Mais « depuis bientôt plusieurs mois que de nouvelles élections sont annoncées (…), tous les observateurs constatent que les déchirements et la convoitise sont de règle dans la plupart des régions », explique l’UOIF dans un communiqué.

Une opposition au CFCM très marquée

Depuis plusieurs semaines, des voix discordantes se sont faites entendre pour critiquer les changements en cours au sein du CFCM. Plusieurs présidents de CRCM ont déclaré leur intention en avril de ne pas participer aux élections. Celui d’Île-de-France Centre, Merzak El-Bekkay, a indiqué dans un dernier communiqué que « 78% des mosquées d’Ile-de France Centre boycottent les élections du 8 juin 2013 ».

Des fédérations de mosquées indépendantes comme en Seine-Saint-Denis (UAM 93) et en Picardie ont également grossi les rangs des mécontents, critiquant la main mise des trois grandes fédérations dans la gestion du CFCM. Pour seule réponse, son président Mohammed Moussaoui avaient déclaré que le scrutin sera tout de même organisé dans les régions dissidentes.

Dernièrement, c’est la Grande Mosquée de Lyon et la Grande Mosquée de Saint-Etienne qui ont appelé au boycott des élections, rejoignant ainsi la Grande Mosquée d’Evry-Courcouronnes dans le camp des frondeurs. Est-ce la goutte d'eau qui a fait déborder le vase pour l’UOIF ? « Ces attitudes sont évidemment à l’encontre de l’idée même qui fonde le CFCM. Elles contredisent les accords qui ont conduit au retour de l’UOIF (…) conditionné par un travail entre les grandes fédérations musulmanes dans la collégialité, l’entente et la mise en avant de l’unité et des intérêts des musulmans de France », fait-elle savoir.

Le projet de réforme du CFCM « immature »
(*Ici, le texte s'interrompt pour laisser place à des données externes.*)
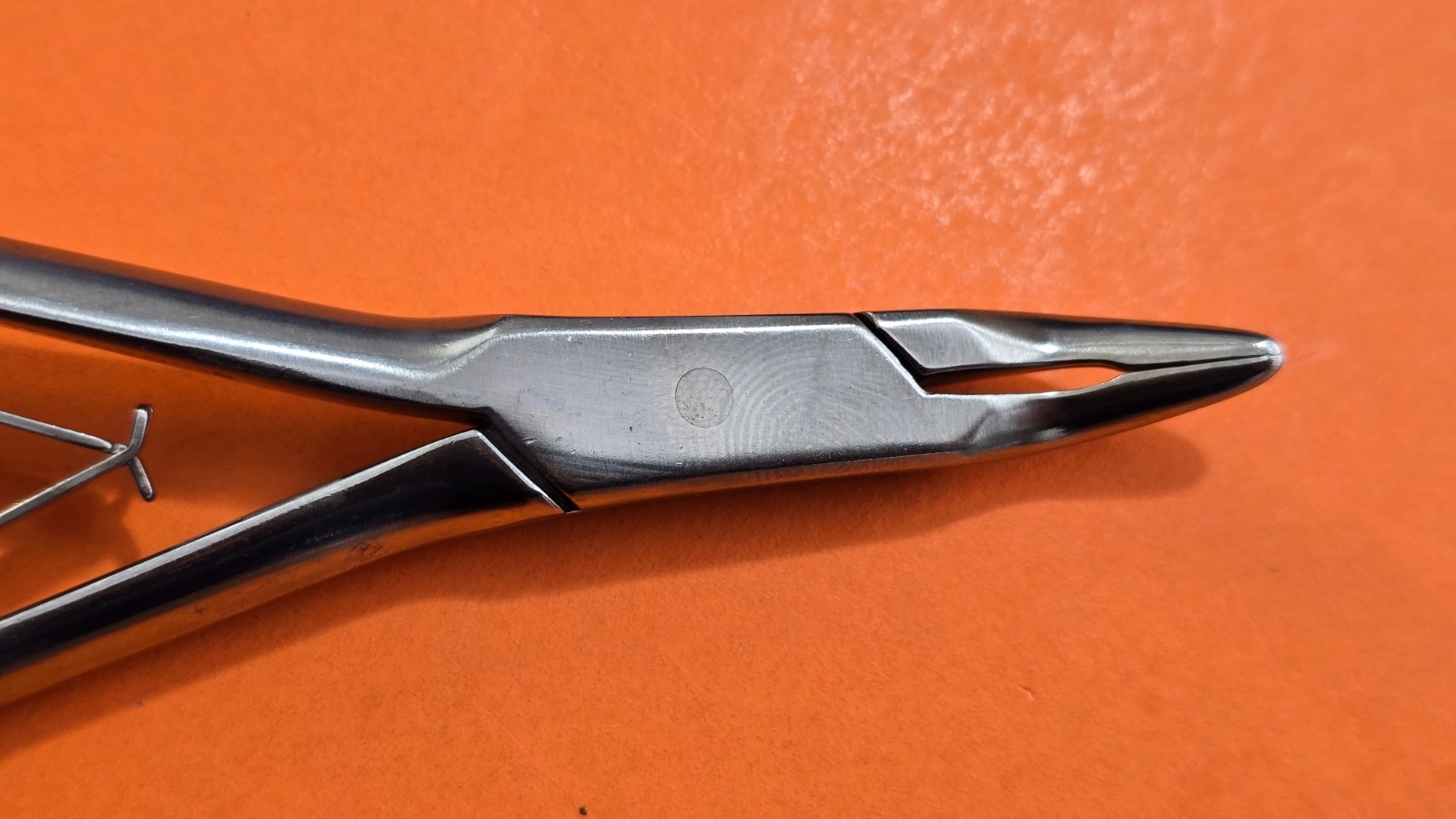 W. Lorenz Dental Blumenthal Rongeur 6" Dental Instruments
« Les responsables des grandes fédérations ont eu réunion sur réunion pour faire cesser les désordres et mener le processus de la meilleure des façons. A la veille de la validation des listes candidates, force est de constater malheureusement qu’elles n’y arrivent pas et que ce qui se passe aujourd’hui dans les régions est à l’opposé de cette idée, de ces principes et de cet accord », poursuit l’UOIF. « Constatant l’immaturité du projet de réforme du CFCM, notamment et surtout sur le plan régional, l’UOIF appelle à reporter les élections afin de trouver sereinement des solutions aux difficultés signalées. »

Les querelles signalées ce jour ont pourtant très vite éclaté après l’adoption de la réforme des statuts mais l'UOIF a attendu la dernière minute pour lancer son appel sous forme d'ultimatum.

Elle veut se démarquer à nouveau des autres fédérations en montrant qu’elle est davantage à l’écoute des musulmans, qui ne montrent dans les faits que trop peu d’intérêt au CFCM. Sa décision, qui chamboule le processus, devrait pousser les participants aux élections à réviser rapidement leurs positions.